Pues bien, presencié dos escenas a las que no daba crédito. La primera tuvo como protagonista a un papá con gemelos. Los niños, con pañales, estaba claro que no llegaban a los cuatro años. Al llegar su turno, el chaval encargado le preguntó a su padre qué edad tenían los niños. El padre contestó, visiblemente molesto, que cuatro. El joven puso cara de extrañeza y uno de los niños se dio la vuelta, mirando hacia su padre y, con lágrimas en los ojos, le dijo: «Pero papá, si tengo tres…». El padre le hizo una señal para que se callara y, efectivamente, los niños se subieron y en seguida se perdieron entre la marabunta que saltaba desaforada sobre el castillo.
Al poco rato, una madre intentó que se subiera su hija, con pañales y chupete, para más detalle. El joven se vio en la obligación de comentarle a la madre que los niños tenían que tener cuatro años o más. Lejos de darse la vuelta y buscar otra atracción más adecuada para su hija, la madre se enfrentó al joven y le dijo: «Pues en el castillo de al lado la han dejado subir». La discusión se hizo desagradable y a mí me quedó una sensación amarga.

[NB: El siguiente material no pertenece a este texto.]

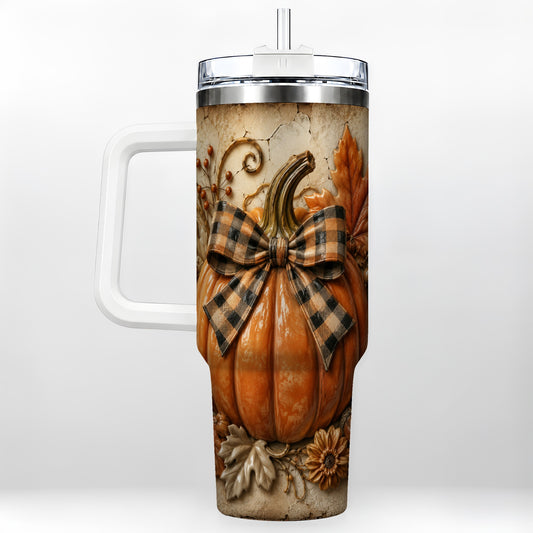 Plaid Bow Pumpkin 40oz Tumbler with Handle, Rustic Autumn Farmhouse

No es mi intención poner en tela de juicio el amor y el cuidado de estos padres. No se trata de eso. Se trata de pararnos a pensar qué estamos haciendo; qué valores priman entre nosotros y quién nos ha metido en la cabeza que es más listo el que mejor se la cuela a los demás; pensar por qué nos olvidamos de que hay pequeñas personas observándonos a cada momento, aprendiendo de cada palabra y cada gesto; y, sobre todo, cuándo olvidamos que vivimos en sociedad y que cada uno somos responsables de que ésta sea cívica, respetuosa y responsable.